The 16th century mosque was razed Dec 6, 1992 by Hindu mobs, who claimed it stood on the birthplace of Lord Ram and wanted a grand Ram temple constructed there.
While the Congress and the Left parties allege that the BJP had exploited the sentiments of the Hindus for political gains, the BJP maintains it has not given up the Ram temple issue but is giving primacy to other matters too.
The BJP had never been serious about the Ram temple, but exploited the sentiments of the Hindu community for political gains, Congress general secretary Rashid Alvi said .
“Their (BJP’s) political graph has come down because of their divisive politics over the Ram mandir (temple),” he said.
“Now they do not talk much about the issue,” claimed Alvi.
Communist Party of India-Marxist (CPI-M) politburo member S. Ramachandran Pillai told IANS that the Babri demolition had seriously harmed the democratic polity and secular fabric of the country.
“But the passions have subsided and they are losing support,” Pillai said about the BJP-supported Ram temple movement.
BJP chief Nitin Gadkari however told reporters recently that the party has not given up the Ram temple issue, but was giving more stress on economic issues.
“I am from a new generation and it is natural that economic issues will receive emphasis, as also GDP, politics of development, progress, besides nationalism and good governance,” he said.
“Unfortunately the BJP has been given a tag of being communal which we are trying to remove,” he added.
But, Mridula Mukherjee, professor in New Delhi’s Jawaharlal Nehru University, said it was an illusion if anyone believed that the BJP will shed its communal and Hindutva agenda, which according to political observers, played a major role in its steep rise – from two Lok Sabha seats in 1984 to 85 in 1989 and to 119 in 1991.
According to Mukherjee, there are pushes and pulls in the BJP which will bring the Ram temple issue to the fore and backburner occasionally.
“But the core of the party remains to be the RSS (Rashtriya Swayamsewak Sangh) and the hardliners,” she added.
The BJP will though find it hard to raise the issue much while it heads the National Democratic Alliance (NDA) with even its key ally, the Janata Dal-United (JD-U) terming the demolition a “sad incident in our political history”.
JD-U general secretary Javed Raza told IANS that the Babri demolition was a sad incident and a solution should be attempted through dialogue or judicial process.
On the ground, the day is unlikely to be tension-filled as it was in the 1990s.

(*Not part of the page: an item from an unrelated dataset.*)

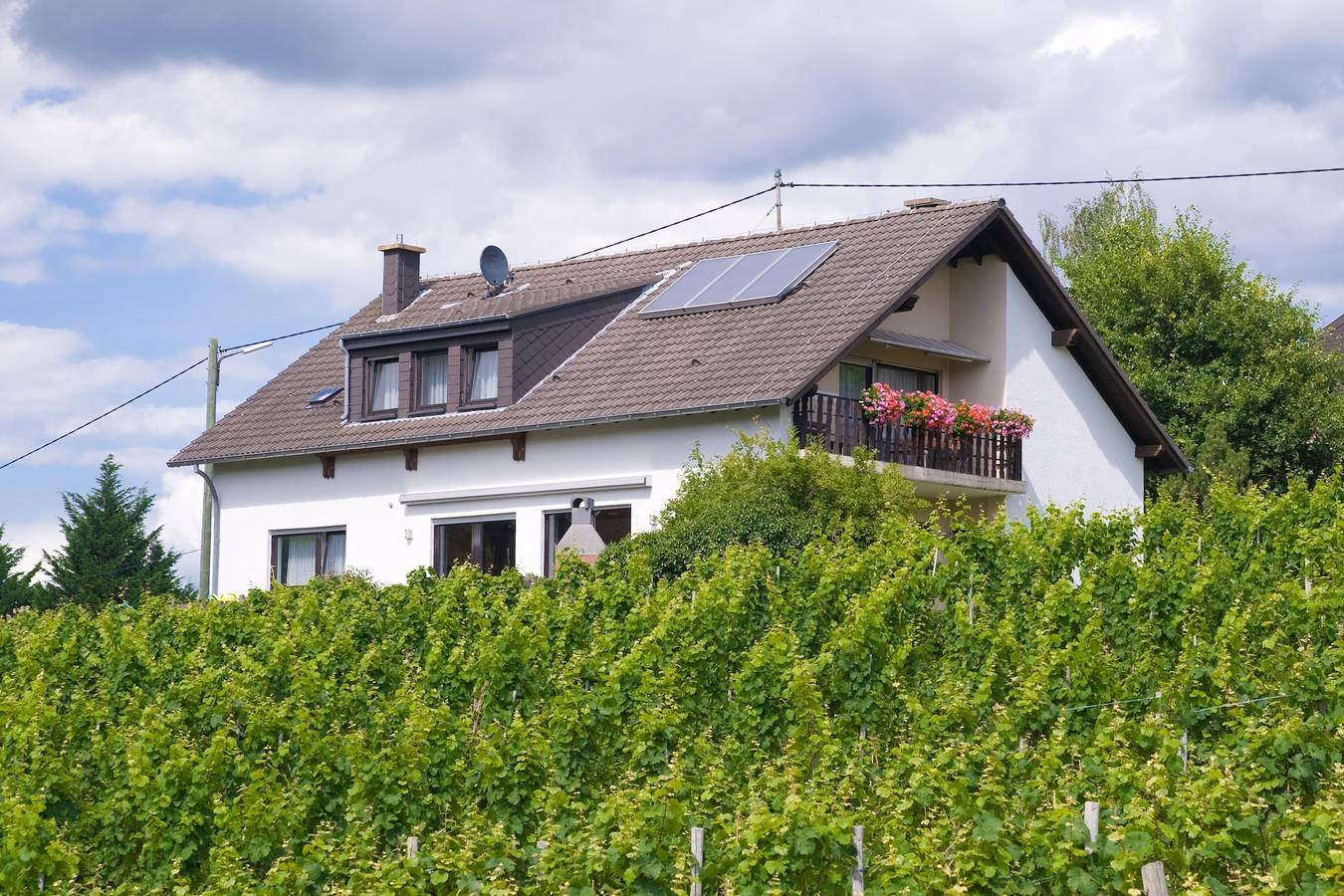 Ganze Ferienwohnung, Ferienwohnung Helga Bollig in Neumagen-Dhron, Bernkastel-Kues & Umgebung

However, the union home ministry has asked the Uttar Pradesh government to step up security measures in Ayodhya and other communally sensitive places in the state on the anniversary.
It may have seemed the issue had achieved closure when in September last year, the Allahabad High Court ordered the division of the site of the razed mosque into three parts – two to Hindu institutions and one to the Sunni Waqf board.
However, both Hindu and Muslim groups appealed the verdict and the Supreme Court stayed the order in May 2011 saying the high court verdict was “strange and surprising”.